Comment by belforte on Wed Oct 5 05:08:20 2011

I am proposing here a different solution, that should prevent the problem with crab server. Since issue was coming from CREAM CE inserting messages with quotes " in the abortReason, I am leaving everything as it is in myJSONEncoder (for bad/ugly that it may be), i.e. reverting GLiteStatusQuery.py to rev. 1.16 and on that simply sanitize directly the abort reason in the point where it is fetched from LB and currently implicitely converted in string. Rather I am putting explicit type conversion and stripping all single and double quotes from the reason text, so that in the end is a very normal string. I verified that this works, even when iterated, for a job which had the "quotes in abort reason" issue. Have not put this on Bari server for more extended test.
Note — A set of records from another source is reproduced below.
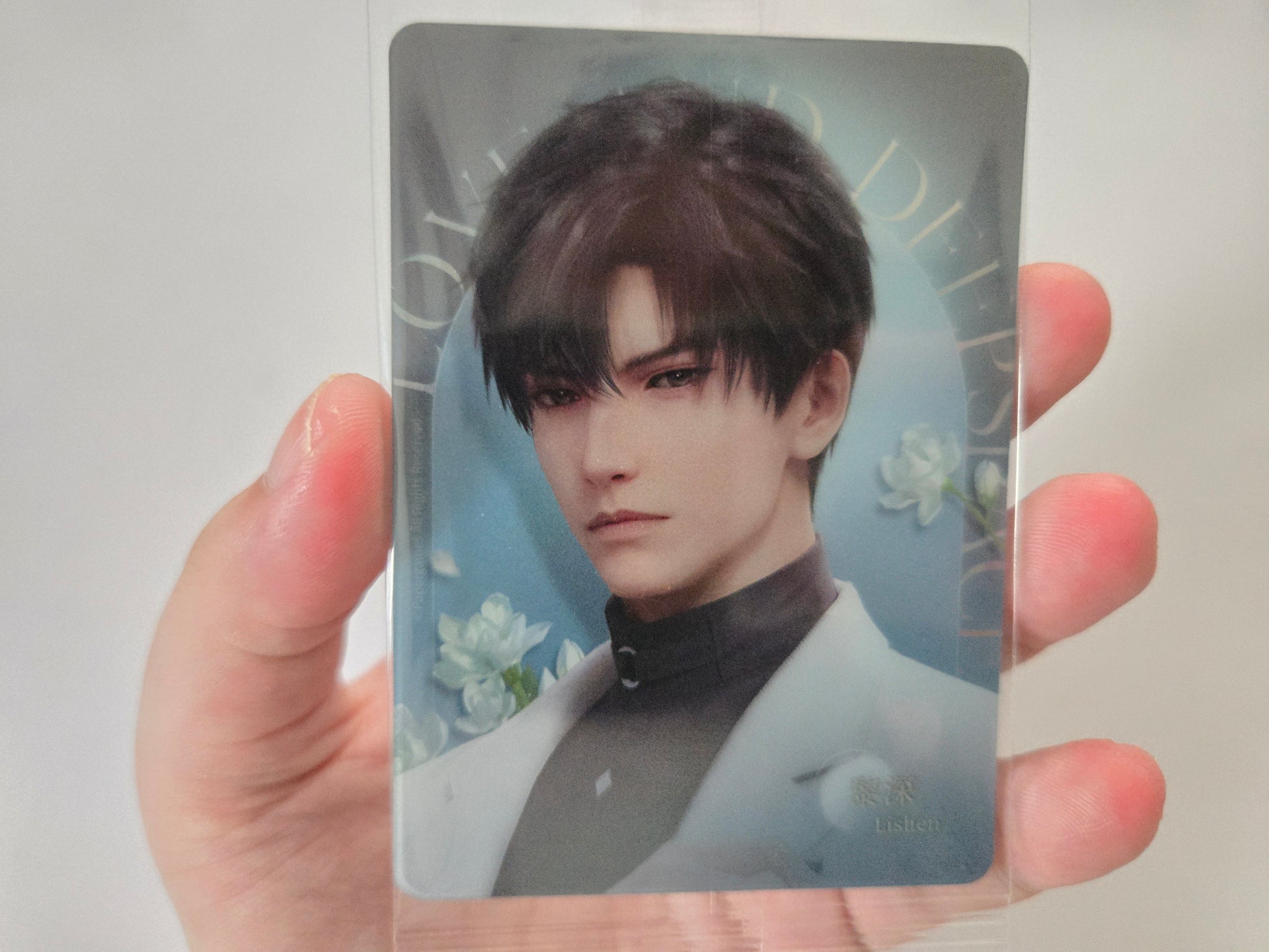 Zayne from Love and Deepspace with dark hair, wearing a white jacket over a dark shirt against a soft blue floral background.
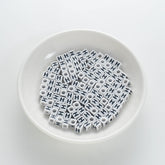 BD00119-01-black-letter-white-opaque-cube-alphabet-beads-single-h-7mm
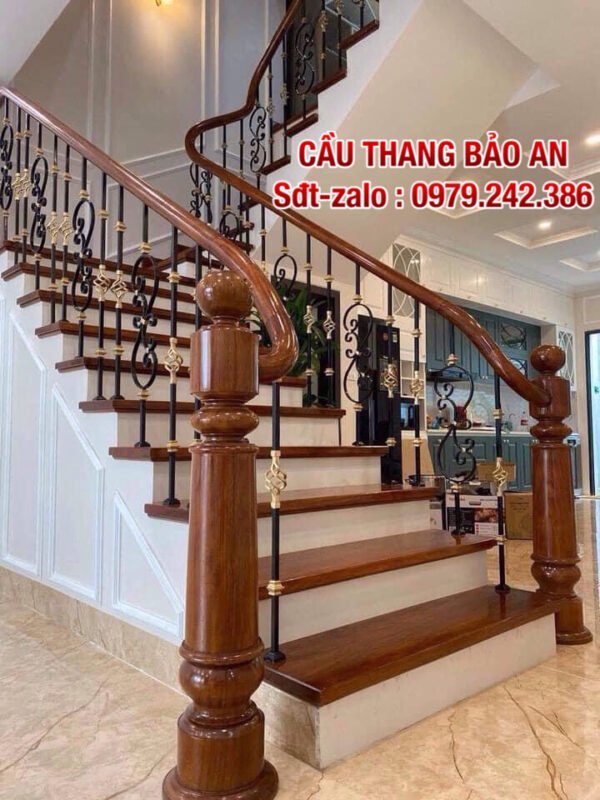 Cầu thang sắt tay vịn gỗ đẹp , Cầu thang sắt mỹ thuật tại Hà Nội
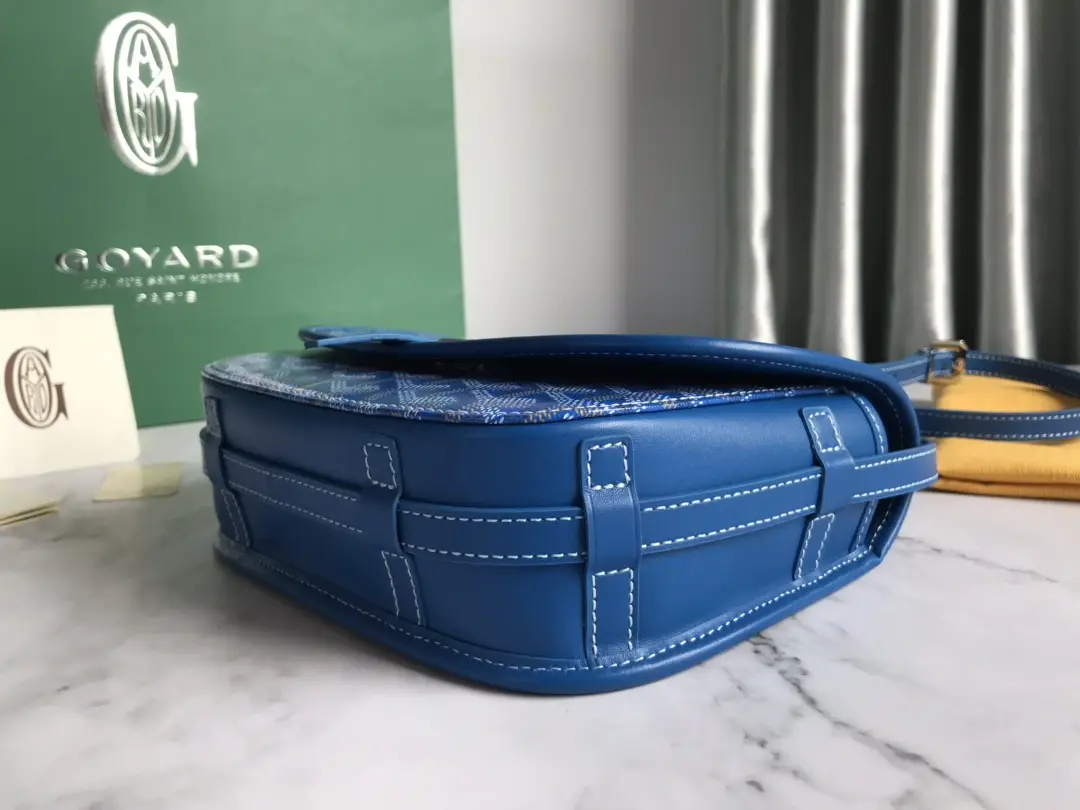 Goyard Belv é d è re Single Mailman Bag in blue leather with a patterned top, showcasing adjustable shoulder strap and elegant design against a green backdrop.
Here's the fix detail: belforte@lxplus315/Scheduler> cvs diff -r 1.16 GLiteStatusQuery.py

Index: GLiteStatusQuery.py

RCS file: /cvs_server/repositories/CMSSW/COMP/PRODCOMMON/src/python/ProdCommon/BossLite/Scheduler/GLiteStatusQuery.py,v retrieving revision 1.16 diff -r1.16 GLiteStatusQuery.py 56d55 <
361c360,364

< reason = reason + oneReason + "."

> # make type conversion to string explicit > # and remove all " and ' from oneReason > oneReasonString=str(oneReason).replace('"','') > oneReasonString=oneReasonString.replace('\'','') > reason = reason + oneReasonString + "." belforte@lxplus315/Scheduler>

I am waiting for comments from developers.

ericvaandering commented 11 years ago

Comment by mcinquil on Wed Oct 5 05:11:10 2011

Stefano, as long as this works and you are happy with it this is fine to me.
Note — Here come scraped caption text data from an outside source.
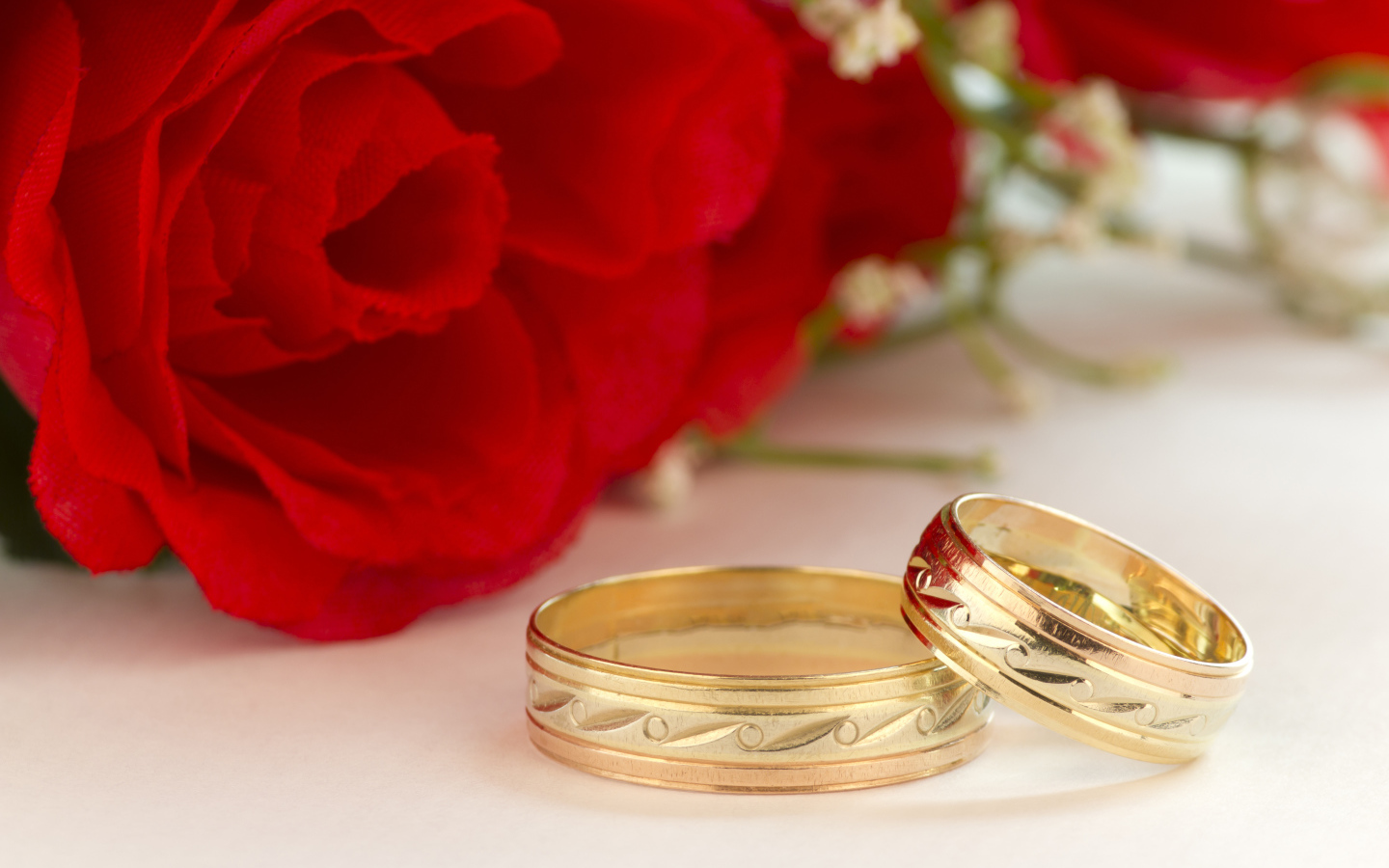 Золотые обручальные кольца с рисунком и красные розы на свадьбу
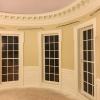 Curved Raised Panels between Windows in Oval Office.  Replica Office by Oval Office Design LLC.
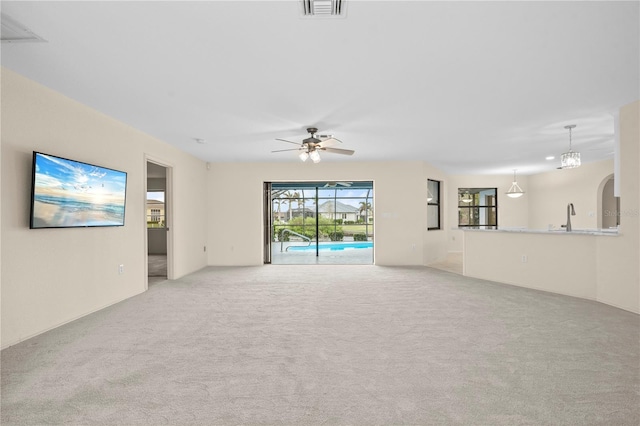 unfurnished living room with ceiling fan, light colored carpet, and sink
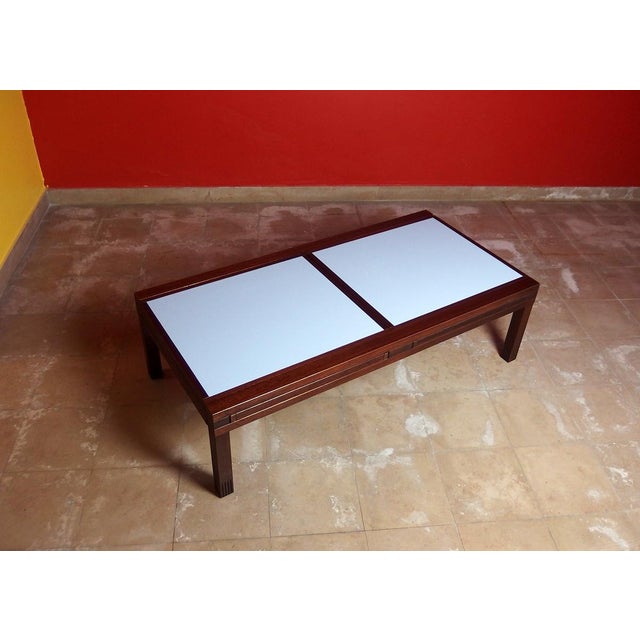 Japanese-inspired coffee table with an iroko wood base and six sliding, removable, and reversible iroko wood-framed...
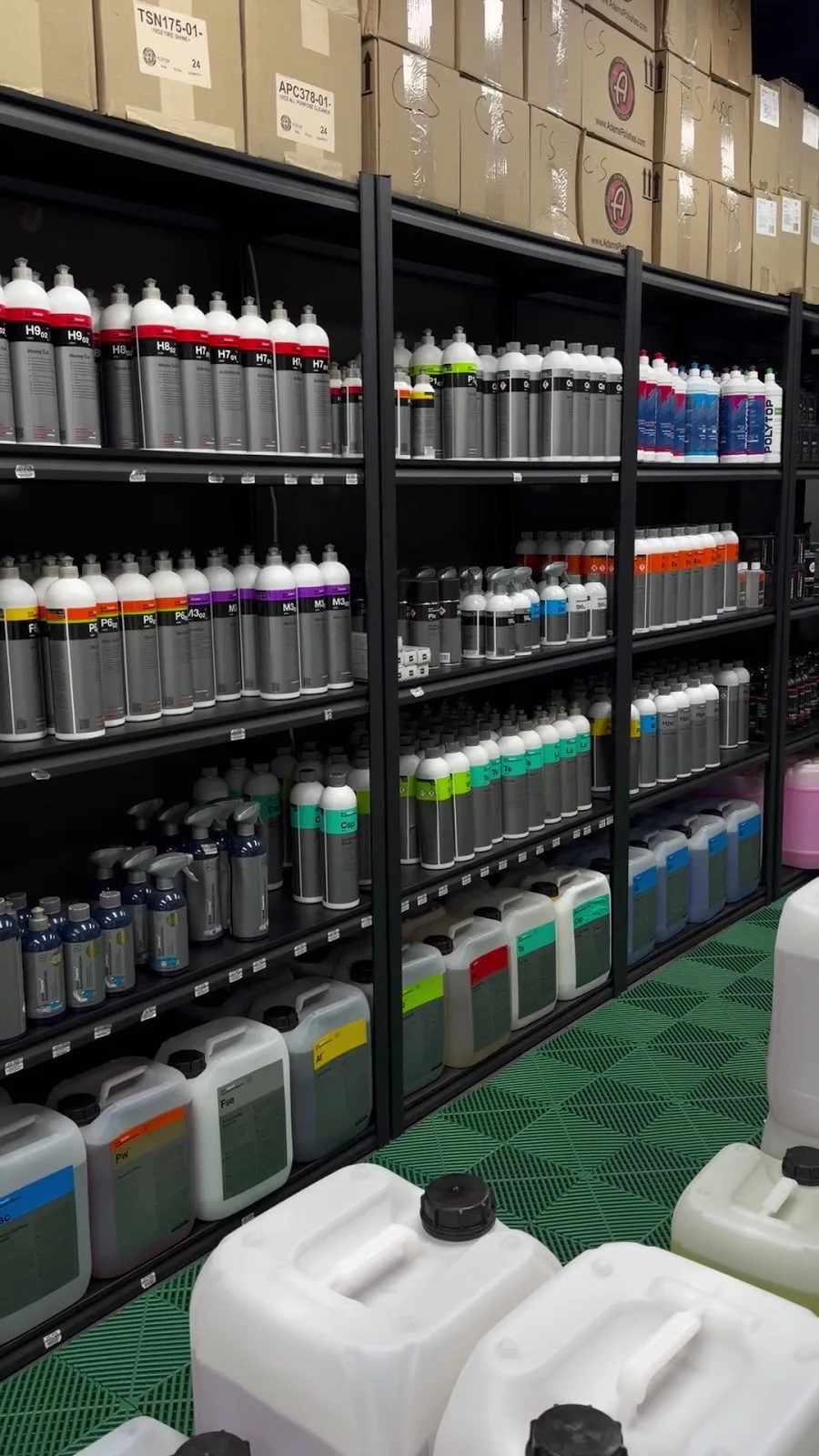 Koch-Chemie and other professional polishes lined up across the racks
ericvaandering commented 11 years ago

Comment by belforte on Wed Oct 5 05:27:07 2011

thanks for the trust Mattia, but I asked because there is always the chance that I miss something that may be obvious to you even before I run the tests. As you know no test can fully certify all changes. By the way. Any possibility that the thing that was confusing CrabServer may also impact CrabClient DB ? Should we delay relasing 279 until this fix of my is fully tested ? stefano

ericvaandering commented 11 years ago

Comment by mcinquil on Wed Oct 5 05:40:07 2011

I am not sure if the reason of the previous failures was 100% understood. But, as long as the new fix works, I think that if the proper tests are done the fix can go in (both: standalone and server). Then proper validations have to be done and no hand patching of the server should be performed. I am not sure on next release status, so I will leave someone else to comment on that.

ericvaandering commented 11 years ago

Comment by belforte on Wed Oct 5 06:29:27 2011

committed, will test more on Bari server and should go in client 279pre5 for testsing there /cvs_server/repositories/CMSSW/COMP/PRODCOMMON/src/python/ProdCommon/BossLite/Scheduler/GLiteStatusQuery.py,v <-- GLiteStatusQuery.py new revision: 1.18; previous revision: 1.17

ericvaandering commented 11 years ago

Comment by belforte on Fri Oct 7 05:01:43 2011

20+ taks all OK on Bari server, including a couple of users who submitted even it it is no in the list. Tested also on client 279pre4.

ericvaandering commented 11 years ago

Comment by belforte on Tue Nov 1 18:22:49 2011

in production with latest ProdCommon tag as client 279

ericvaandering commented 11 years ago

Closed by belforte on Tue Nov 1 18:22:49 2011